While I have all the respect in the world for silent films, the use of sound is one of the critical components of a great movie. Music, specifically, has the power to set moods and create emotion in films.
Even if we’re not consciously aware of it, some of our favorite films would be drastically different without an accompanying background soundtrack. Without the dark, building background music to create tension, our favorite horror films would be mundane. Without its famous horn-influenced theme, the Rocky training montage is nothing more than a dude running through Philly while grunting.

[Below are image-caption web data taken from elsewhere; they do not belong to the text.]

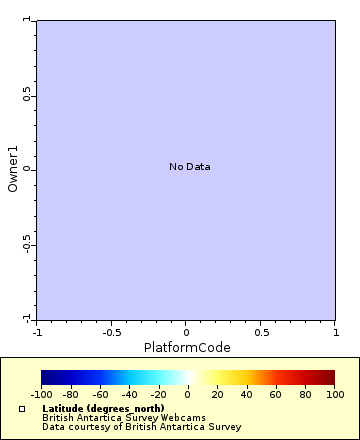 [The graph you specified. Please be patient.]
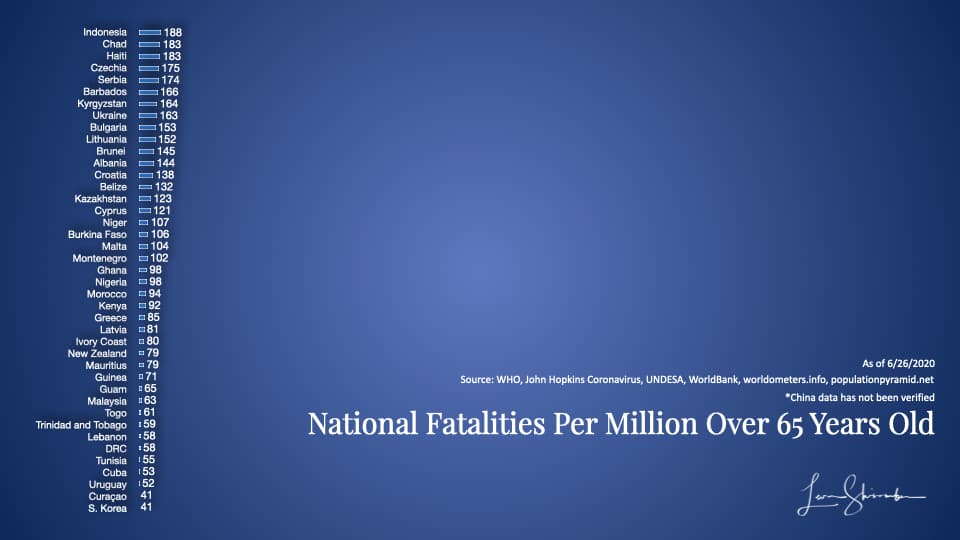 National Fatalities per million over 65 years old Group 3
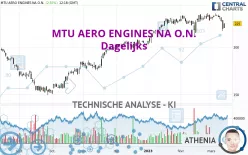 MTU AERO ENGINES NA O.N. - Dagelijks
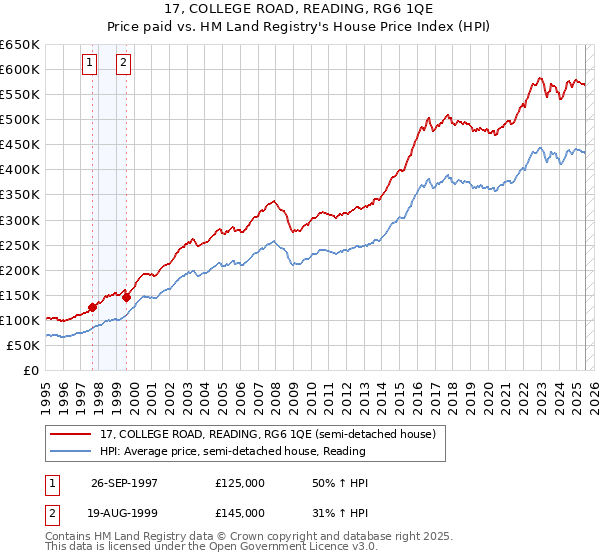 17, COLLEGE ROAD, READING, RG6 1QE: Price paid vs HM Land Registry's House Price Index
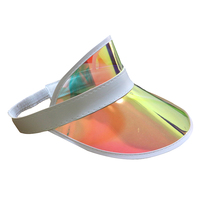 Chapeau d'extérieur unisexe, visière pour Tennis, plage, soleil, en plastique coloré, transparent, plage, poker, Golf, unisexe, Protection UV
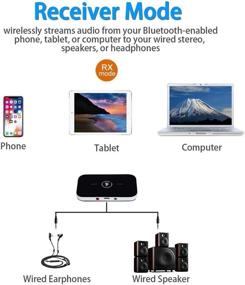 img 2 attached to 📶 Geva 2-in-1 Wireless BT 5.0 Transmitter Receiver | 3.5mm Wireless Audio Adapter for TV | Portable Wireless Receiver for Car/Home Stereo System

With little exception, the month of February gives us few new movies and albums, but this allows us time to examine old movies for their soundtracks. As I looked back at the past two decades of cinema, I uncovered many scores that were incredible, but four stood out from the rest. Here are the movies with the four best original scores.
The Social Network
Nine Inch Nails’ Trent Reznor and his collaborator Atticus Ross have been part of many soundtracks over the past decade, but none more iconic than their work on the 2010 movie The Social Network. The pair were able to perfectly meet director David Fincher’s aesthetic by creating a dramatic and dark accompaniment.

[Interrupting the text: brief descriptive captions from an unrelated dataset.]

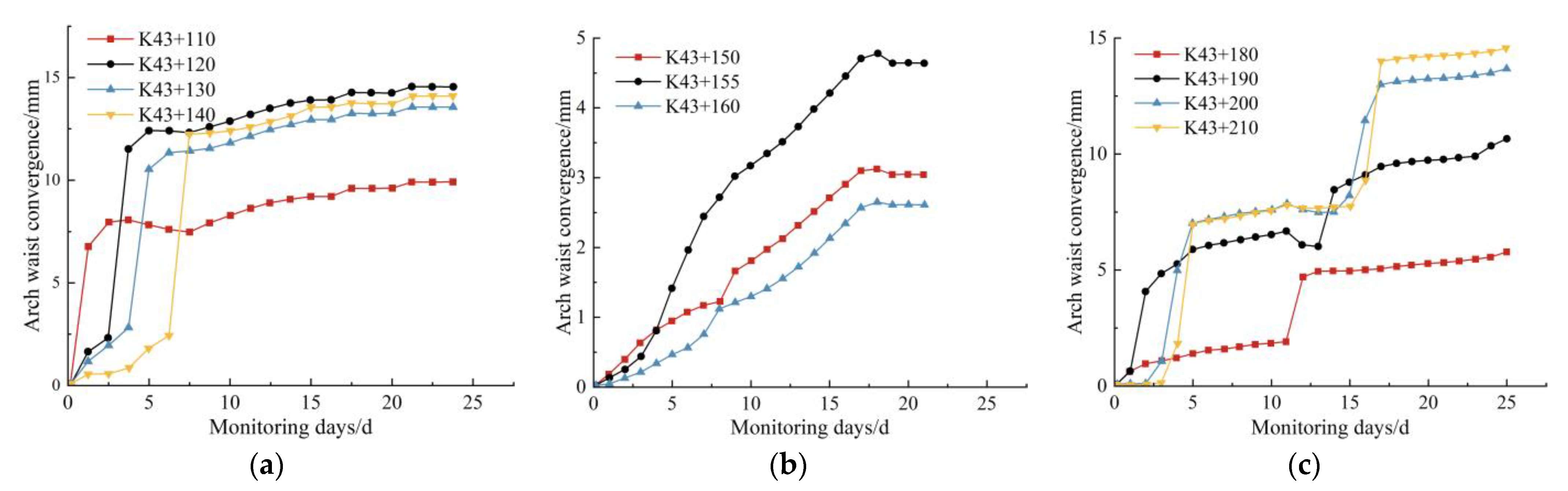 Buildings 13 02859 g014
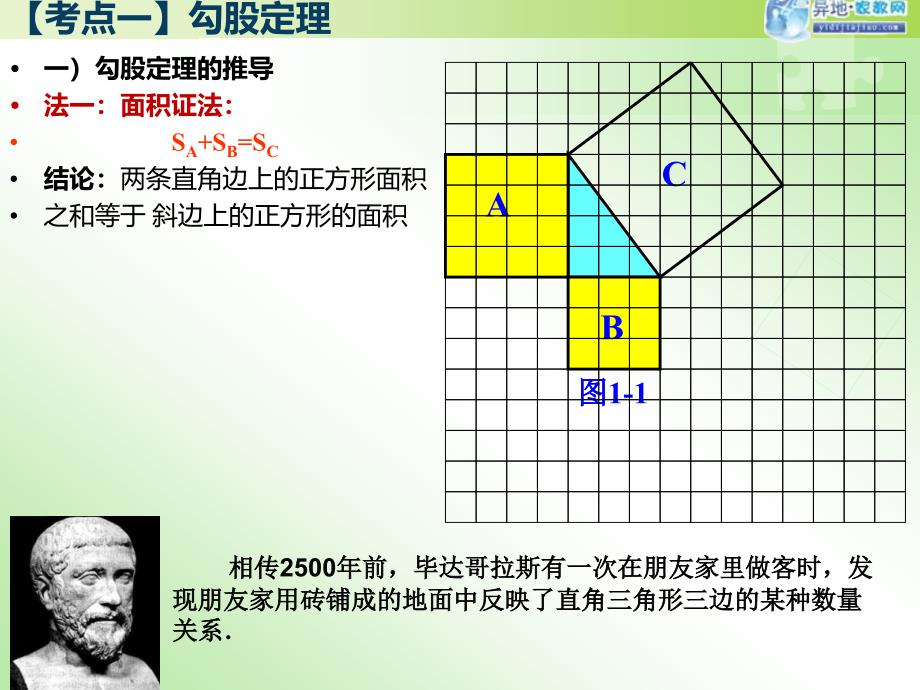 勾股定理课件_第4页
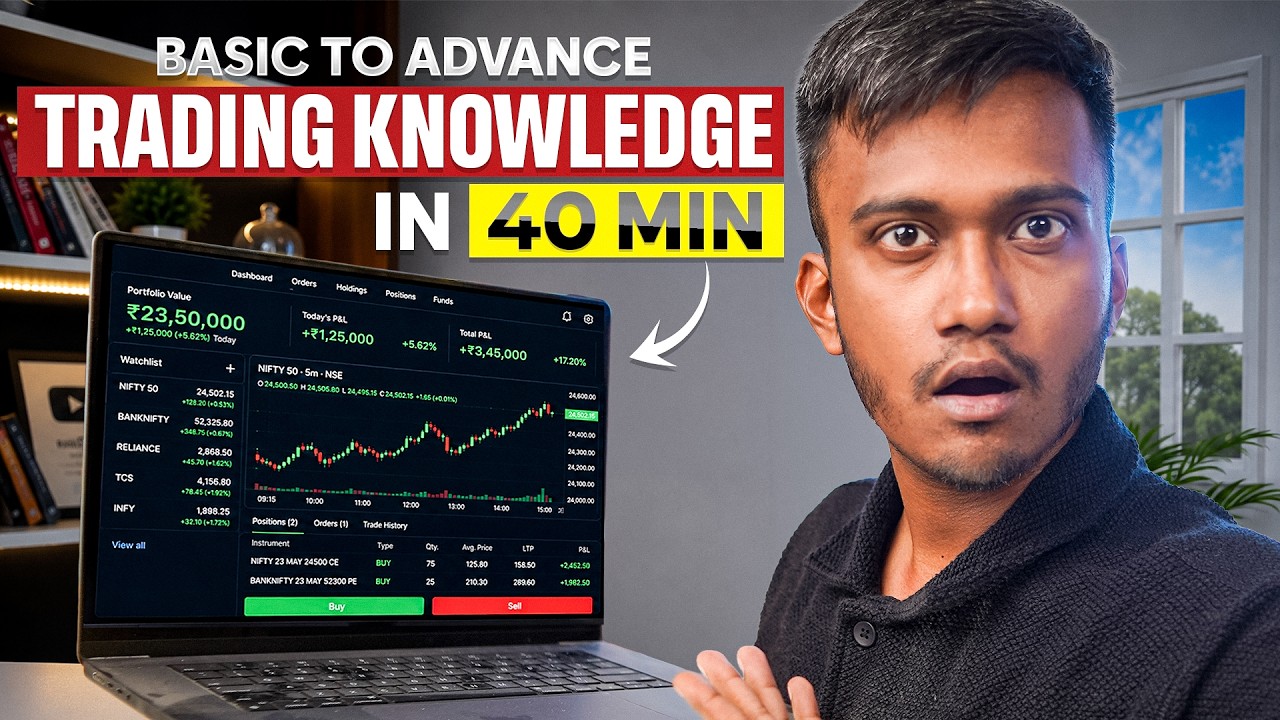 How To Start Trading As A Beginner!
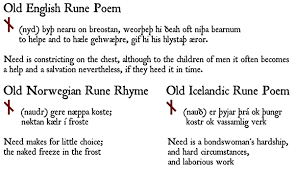 Runes elder futhark younger futhark old norse viking, symbol, angle, white png 1024x579px 164.54kb; Runes And The Left Hand Path Part I Infernal Geometry Semiotics Weird Tales Geometry Ambient Doom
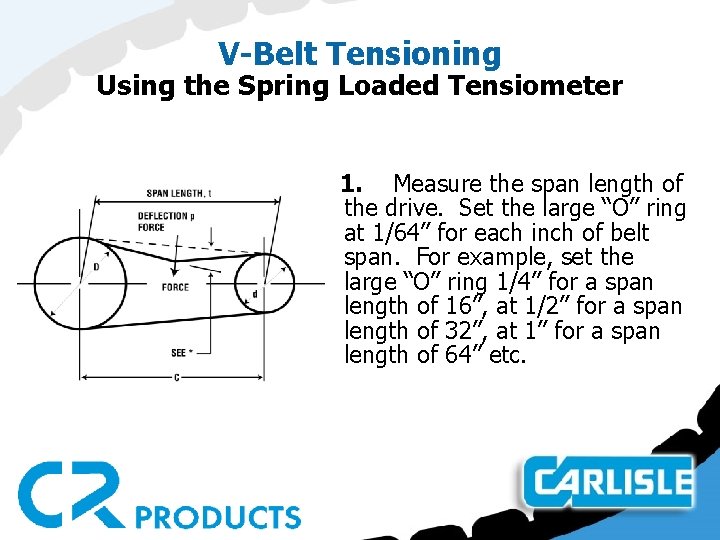 V-Belt Tensioning Using the Spring Loaded Tensiometer 1. Measure the span length of the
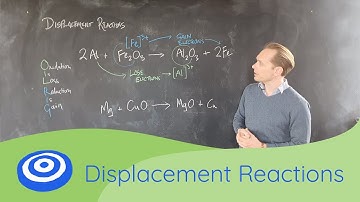 Displacement Reactions - GCSE science, Chemistry (9-1)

The opening credits feature my favorite track, “Hand Covers Bruise,” a somber song centered around a few simple piano notes that transitions to “In Motion,” the fast-paced background song to a long night of Mark Zuckerberg (Jesse Eisenberg) coding and drinking. I highly recommend it as a study playlist if you’re looking to feel as productive as a Harvard student building Facebook.

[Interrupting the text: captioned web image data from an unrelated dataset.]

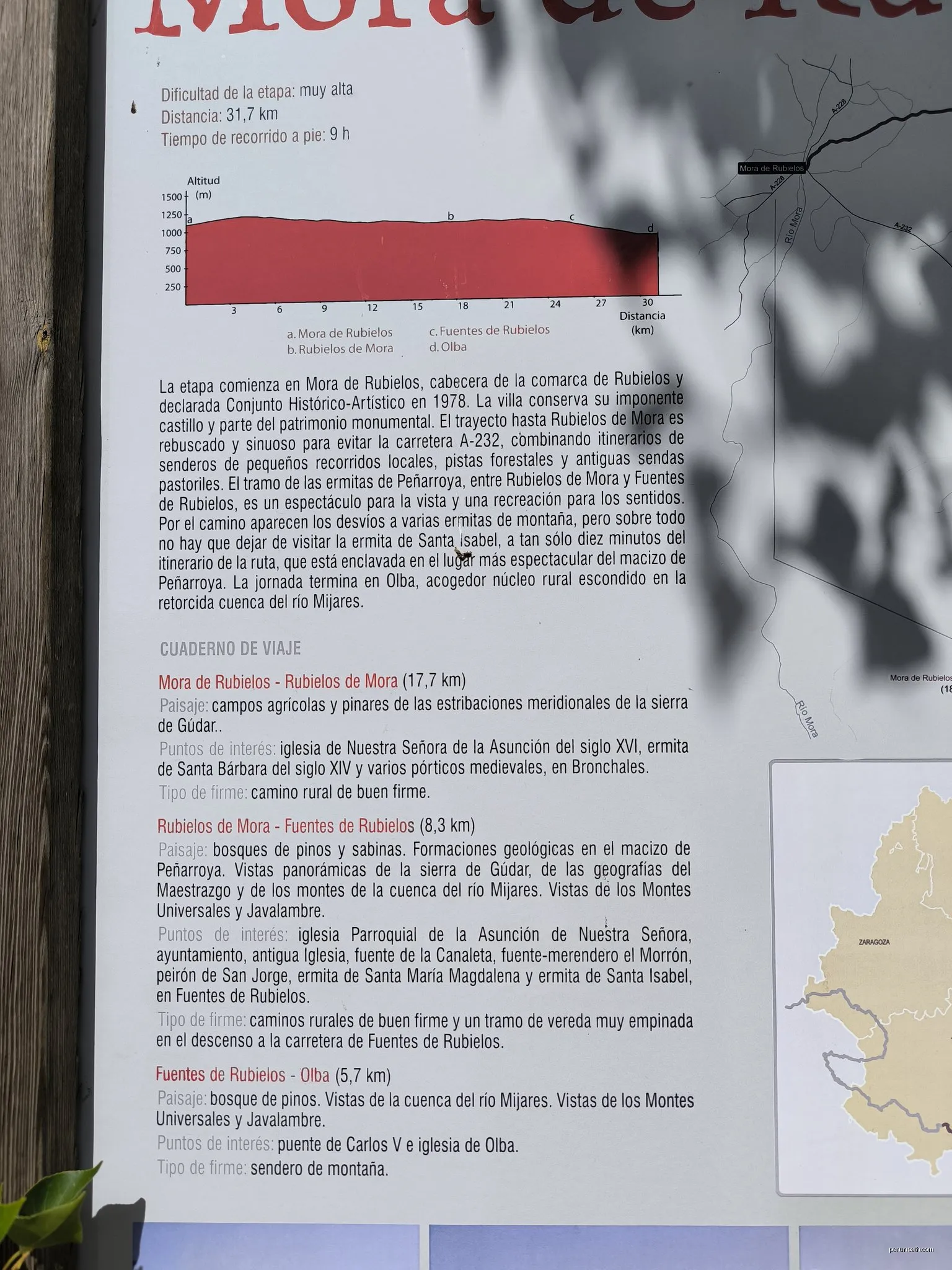 Camino de la Mora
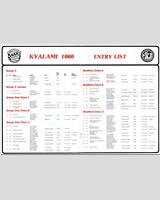 Entry List - Kyalami 1000 Kilometres 1984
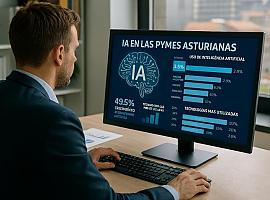 Asturias lidera la revolución de la inteligencia artificial entre las pymes: ya supera la media nacional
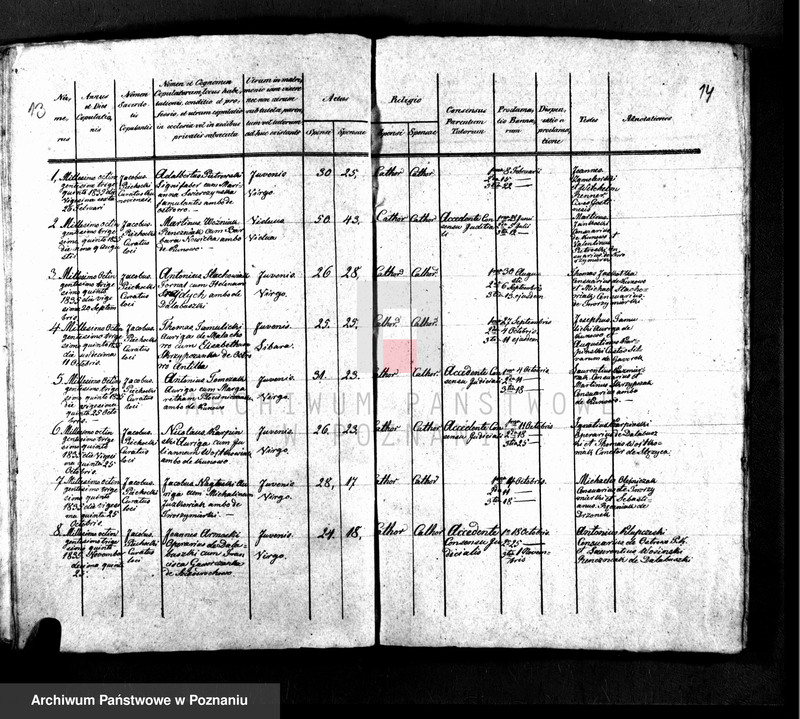 Obraz 9 z jednostki "Liber baptisatorum, copulatorum, mortuorum"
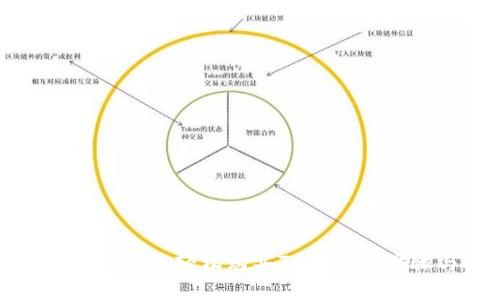 如何通过TP钱包轻松购买TRX：详细步骤与技巧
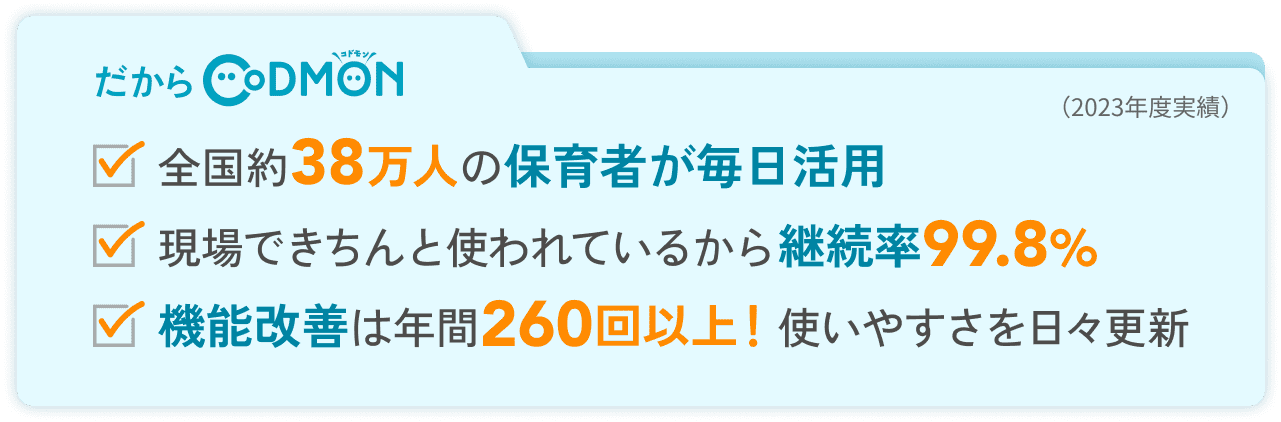 だからコドモン 全国約38万人の保育者が毎日活用 現場できちんと使われているから継続率99.8% 機能改善は年間260回以上!使いやすさを日々更新（2023年度実績）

O Brother, Where Art Thou?
Joel and Ethan Coen rarely make mistakes when they direct films and certainly didn’t make one when they had T Bone Bennet produce the soundtrack for the movie. The soundtrack has contributions from a variety of artists, many of whom have a bluegrass and folk sound that fits the film set in Mississippi during the Great Depression.
If you haven’t seen the 2000 film (which is required watching as far as I’m concerned), it’s a story that is loosely based around Homer’s The Odyssey and follows three escaped convicts’ journey to find the treasure that Everett (George Clooney) promised them. The gang breaks into guitar-accompanied musical numbers more than once, giving us the fantastic and animated “I Am a Man of Constant Sorrow.”
This soundtrack also holds a special place in my heart as it includes Harry McClintock’s 1928 folk song “Big Rock Candy Mountain,” which was what my dad used to sing to me before bed when I was a kid. The song, which is about a hobo’s concept of paradise, is more relevant to the lives of O Brother’s three goofy lead characters than it is to mine, I suppose, but it is still a beautiful track.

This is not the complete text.